**Your goal:**
Write out exactly the lines below from the one containing "10 шт. 3 50" to the last, both ends kept, and nothing more; skip all pictures.

**Collected data entries:**
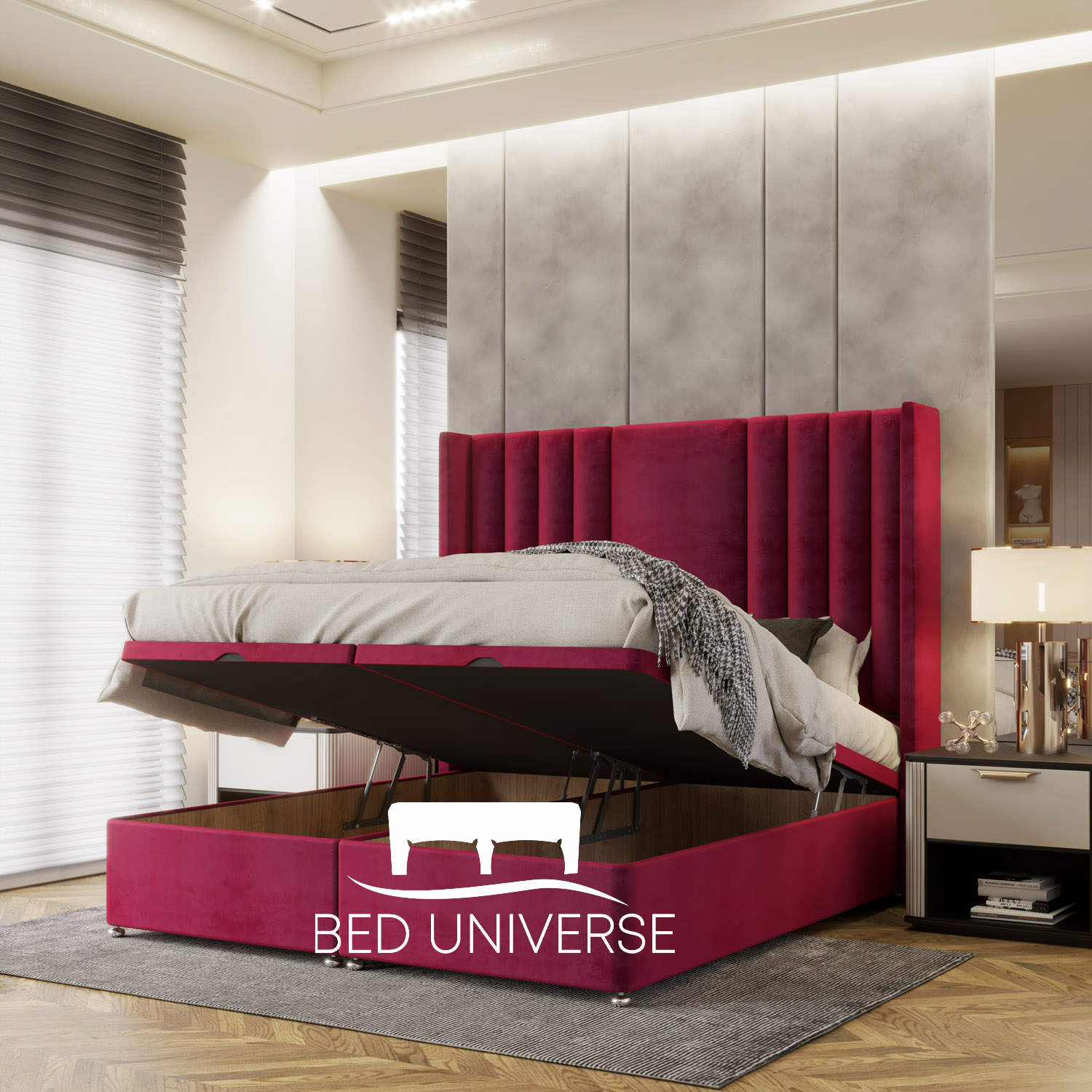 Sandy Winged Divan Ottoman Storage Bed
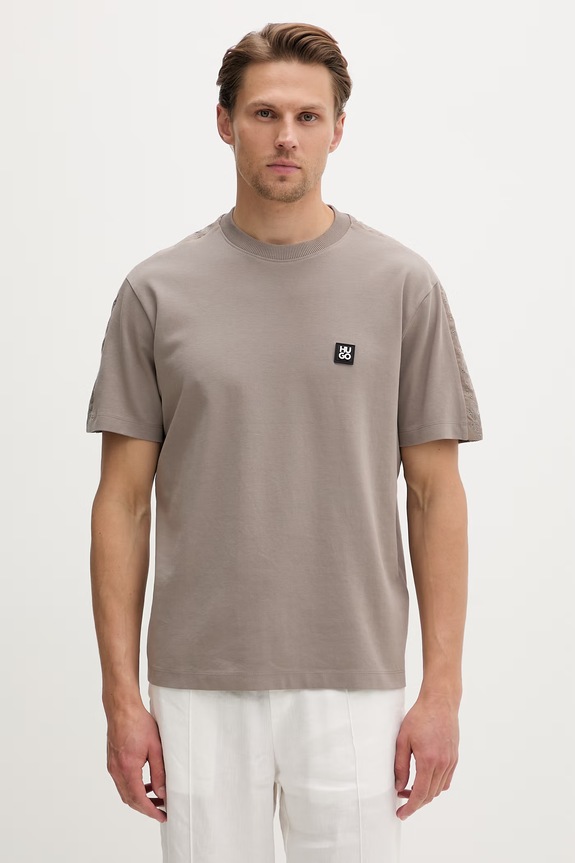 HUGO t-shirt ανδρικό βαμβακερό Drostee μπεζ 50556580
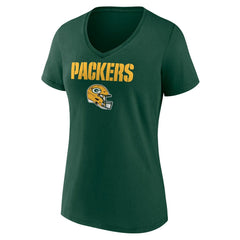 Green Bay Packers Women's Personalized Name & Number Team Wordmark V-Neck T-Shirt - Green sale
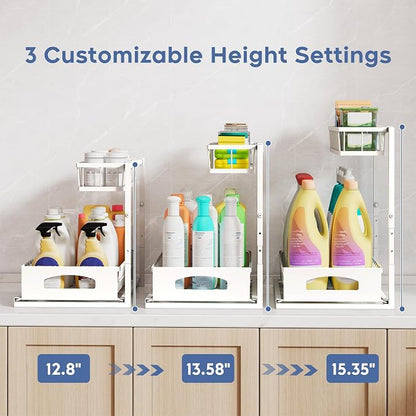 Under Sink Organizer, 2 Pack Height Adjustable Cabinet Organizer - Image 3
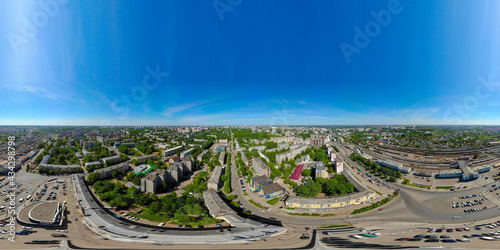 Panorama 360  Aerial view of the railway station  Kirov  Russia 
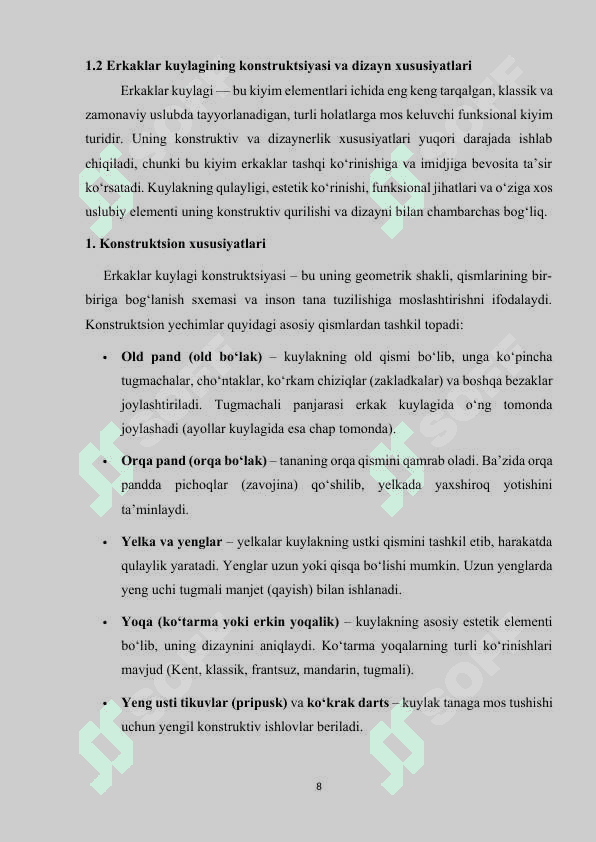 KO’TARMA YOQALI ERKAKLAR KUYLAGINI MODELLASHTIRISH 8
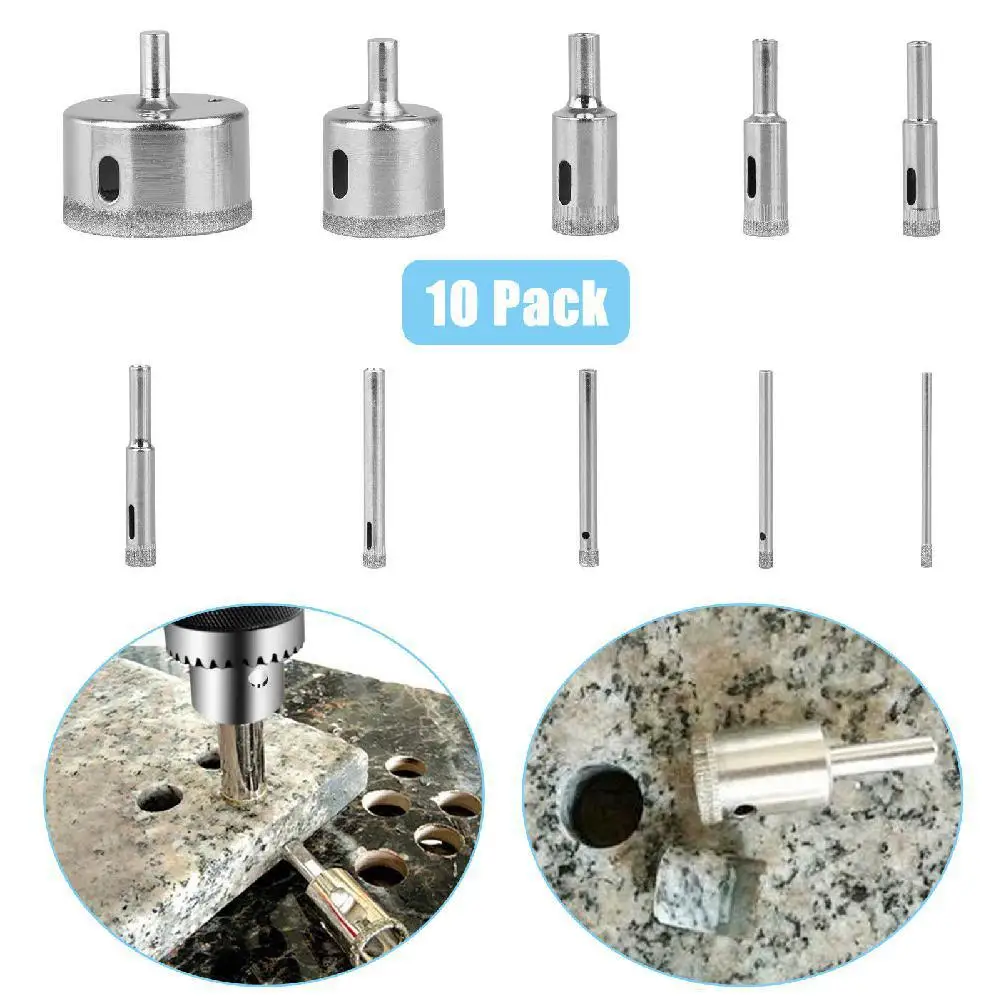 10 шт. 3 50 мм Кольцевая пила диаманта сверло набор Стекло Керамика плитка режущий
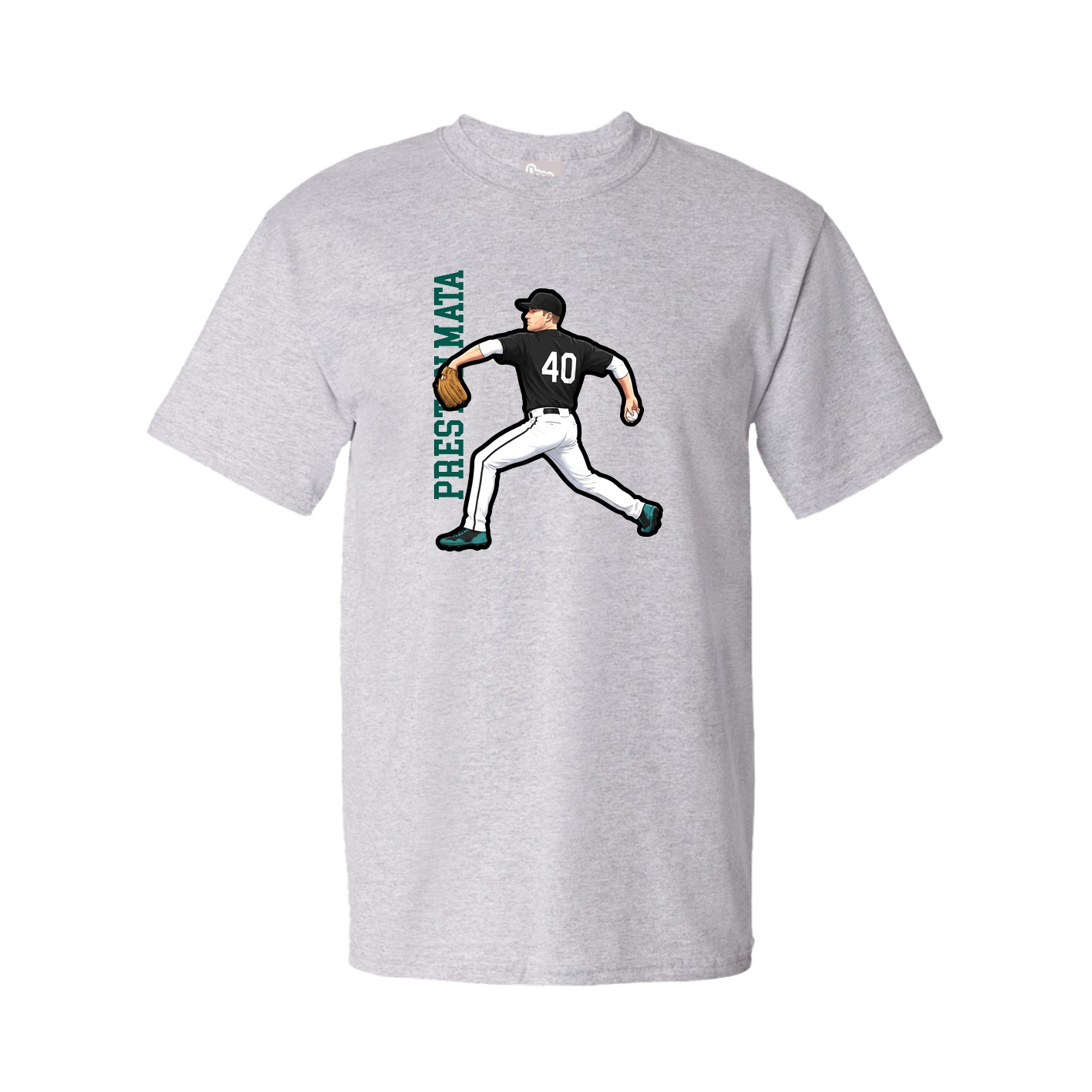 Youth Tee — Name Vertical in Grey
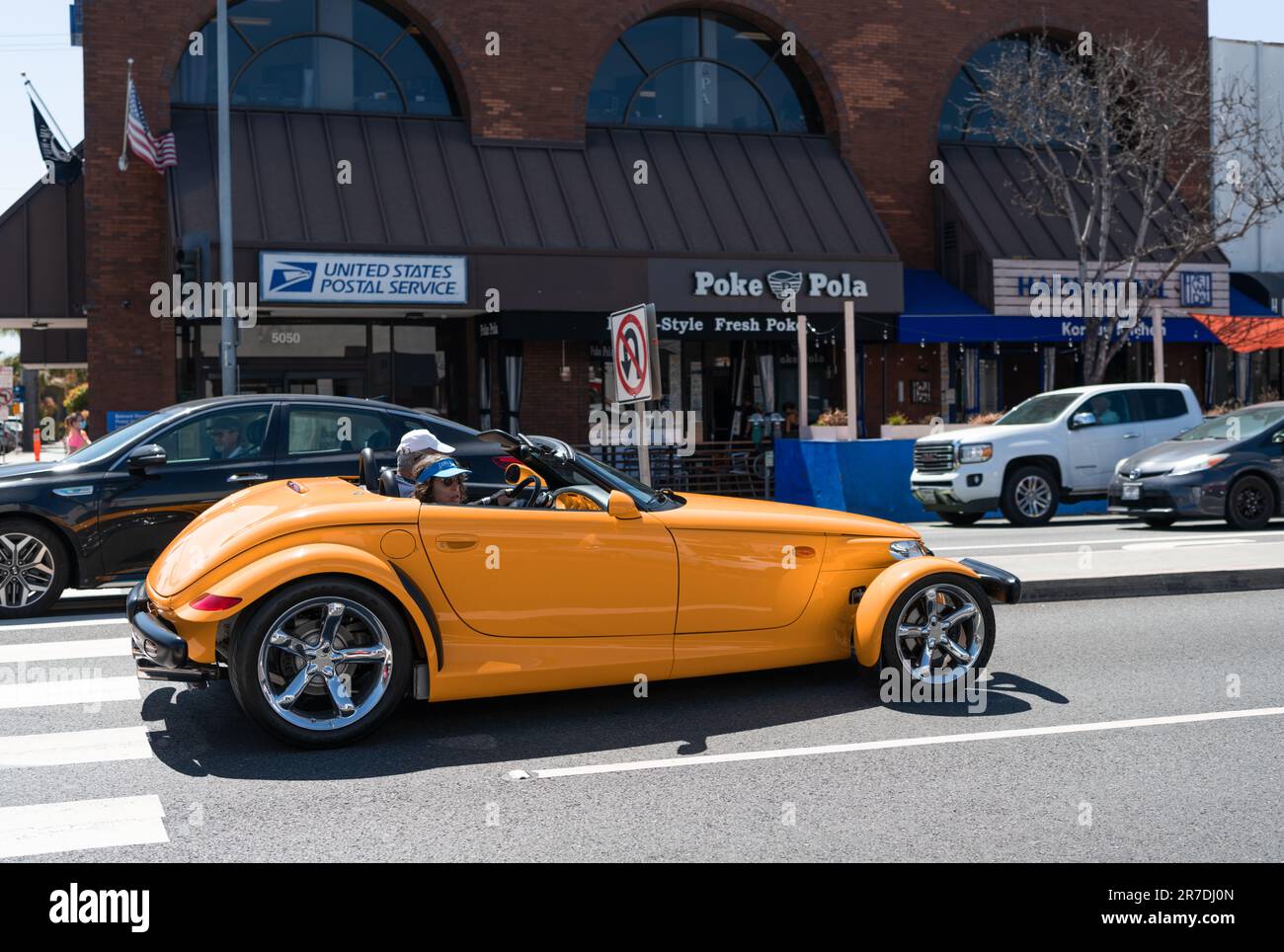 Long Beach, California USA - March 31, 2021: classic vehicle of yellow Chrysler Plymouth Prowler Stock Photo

**Solution to the problem:**
 10 шт. 3 50 мм Кольцевая пила диаманта сверло набор Стекло Керамика плитка режущий
 Youth Tee — Name Vertical in Grey
 Long Beach, California USA - March 31, 2021: classic vehicle of yellow Chrysler Plymouth Prowler Stock Photo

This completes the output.